Le jour de mes 18 ans, je me rendais au Wok de Bondy pour passer une bonne soirée accompagné de mes meilleurs amis Yanis, Ali et Bilel. Tout se passait bien, je venais de passer une superbe première journée en tant que majeur et rien n’aurait pu la gâcher, du moins, c’est ce que je croyais. Vers 21h, sur le parvis du magasin Tati au bord de la N3, on avançait tranquillement et en blaguant, quand on a été interpellés. Je me suis retourné et j’ai à peine eu le temps d’apercevoir la silhouette de l’homme avant qu’il me bouscule et se mette à crier pour ameuter le reste de son équipe.

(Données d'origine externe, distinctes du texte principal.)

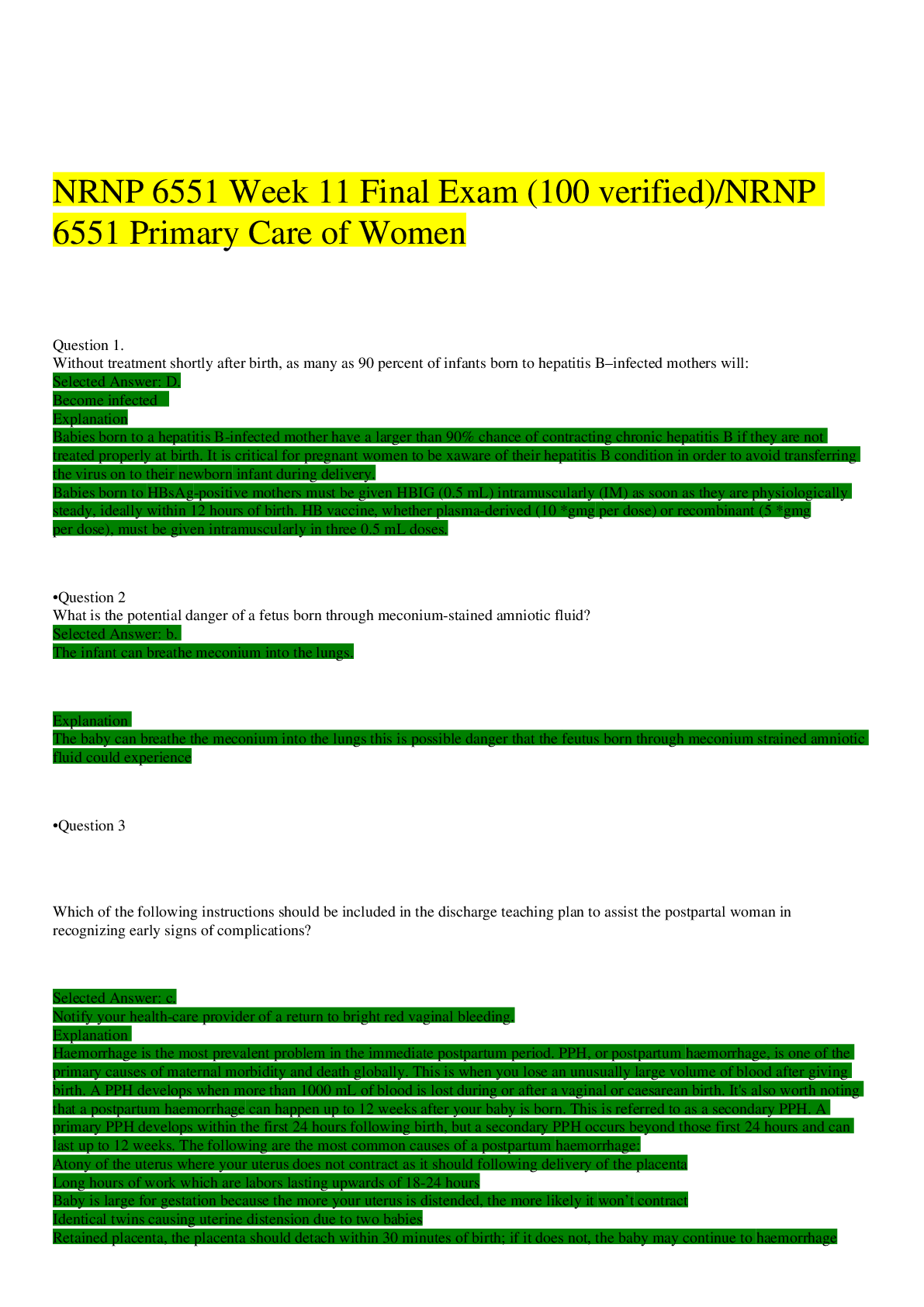 Preview image for NRNP 6551 Week 11 Final Exam (100 verified)/NRNP 6551 Primary Care of Women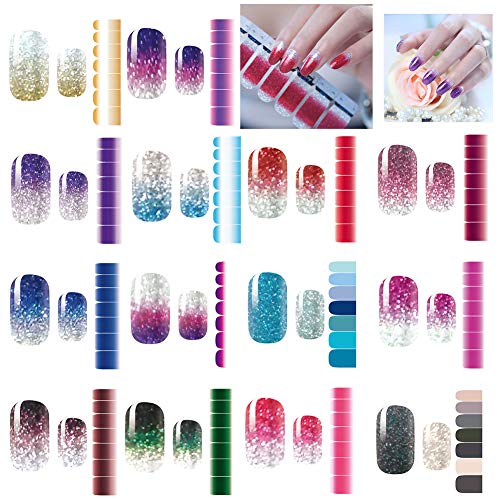 Product Cover 14 Sheets Nail Stickers, Pure color Shine Full Wraps Nail Art Adhesive Decals Nail Art Tips Stickers False Nail Design Manicure Sets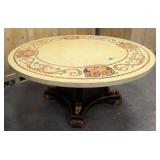 Solid Wood Large Round Decorative Dining Table 63"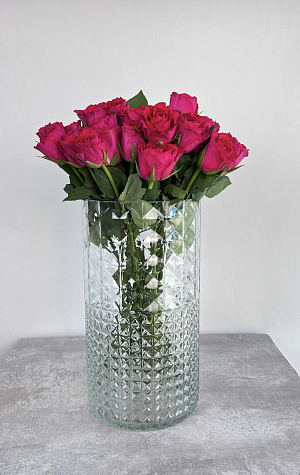 Стеклянная ваза 37 см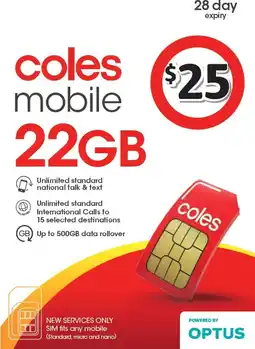 Coles Coles Mobile $25 Prepaid SIM offer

En moins d’une seconde, Yanis, Ali, Bilel et moi étions encerclés par une quinzaine de gars qui n’étaient visiblement pas là pour rigoler avec nous. Ils sont venus vers moi pour que je leur donne ce que j’avais. Ce soir-là, j’étais d’ailleurs assez bien habillé, ainsi que mes potes. C’est sûrement nos portables et nos sacoches qu’ils voulaient. J’ai d’abord refusé de leur donner ce que j’avais quand j’en ai frappé un. À ce moment-là, ils ont lâché mes potes et se sont tous mis autour de moi, et j’ai reconnu des personnes.

Ces mecs, je les ai connus petits. Je jouais au foot avec eux. Étant petits, on était assez potes. C’était des anciens voisins à moi. On s’est connus à peu près pendant les années collège puis certains ont déménagé au nord de la ville, ce qui nous a séparés. Les reconnaître m’a fait un petit pincement au cœur, mais bon, c’est la vie. Je ne sais pas par contre si eux m’ont reconnu.

Les insultes fusaient étant donné que je suis un gars de Bondy et que je traînais avec des gars de Noisy. Ils me considéraient comme un traître. Je ne comprenais plus trop ce qui m’arrivait. Ça m’a un peu étonné mais à Bondy, c’est comme ça. T’as beau connaître les mecs, si tu traînes pas H24 avec eux, ils te considèrent comme un inconnu. C’est comme, si tu viens de Bondy Nord, t’as beau habiter dans la même ville, tu viens pas à Bondy Sud seul. C’est assez tendu entre le Nord et le Sud de notre ville. Moi-même, j’évite d’aller à Bondy Nord. Ça a beau être ma ville, je n’y vais pas, je ne prends pas le risque.

Je peux plus traîner dans mon propre quartier

À un moment, la police est passée. Ils se sont simplement arrêtés et ont baissé leur vitre. La police a bien compris ce qui se passait mais n’est pas intervenue. Heureusement, grâce à ce petit moment d’inattention, on a pu rentrer dans le Tati et ressortir de l’autre côté. J’ai rien perdu. Yanis et Bilel si. On a quand même passé la soirée ensemble. J’ai eu la haine toute la soirée. J’étais en colère. Mes amis, eux, s’en foutaient et c’est ce qui m’a encore plus mis les nerfs.

J’ai aussi eu la haine contre la police qui n’a rien fait. Je ne sais pas pourquoi ils n’ont pas réagi, ça m’a surpris et assez déçu sur le coup, et j’ai compris un peu pourquoi les grands, ils n’aimaient pas les flics. Je les ai insultés dans ma tête assez longtemps d’ailleurs… Je ne sais pas trop si les embrouilles de quartier sont trop dures à gérer pour la police ou si ils s’en foutent tout simplement.

Quelques jours plus tard, on est allés se venger ! On a fait simple. On a prévenu un de nos grands assez connu dans Bondy, il a réuni une équipe et on les a frappés. Sur un coup de tête. C’était important pour notre « fierté » de se venger même si au fond de nous, on sait très bien que c’était débile. Cette vengeance ne nous a rien apporté. En plus de ça, le mal était déjà fait.

Quand son quartier devient pesant… c’est peut-être qu’il faut en partir ? Maes, c’est pas le quartier qui le quitte, c’est lui qui quitte le quartier ! 

Il y a clairement eu un avant et un après. Déjà, je ne peux plus trop traîner à Noisy. En plus, je suis limité dans ma propre ville. Je me suis réellement senti mal quand ma mère a remarqué des petits détails (les arrêts des bus où je descendais, etc.) et je me suis dit que je devais arrêter tout ça. Depuis je me suis clairement calmé mais j’ai l’impression qu’une fois que ça a commencé, ça ne peut qu’aller de pire en pire et qu’on ne peut plus jamais stopper ce cercle vicieux. Si j’avais su avant, je ne me serais pas laissé emporter par la rue.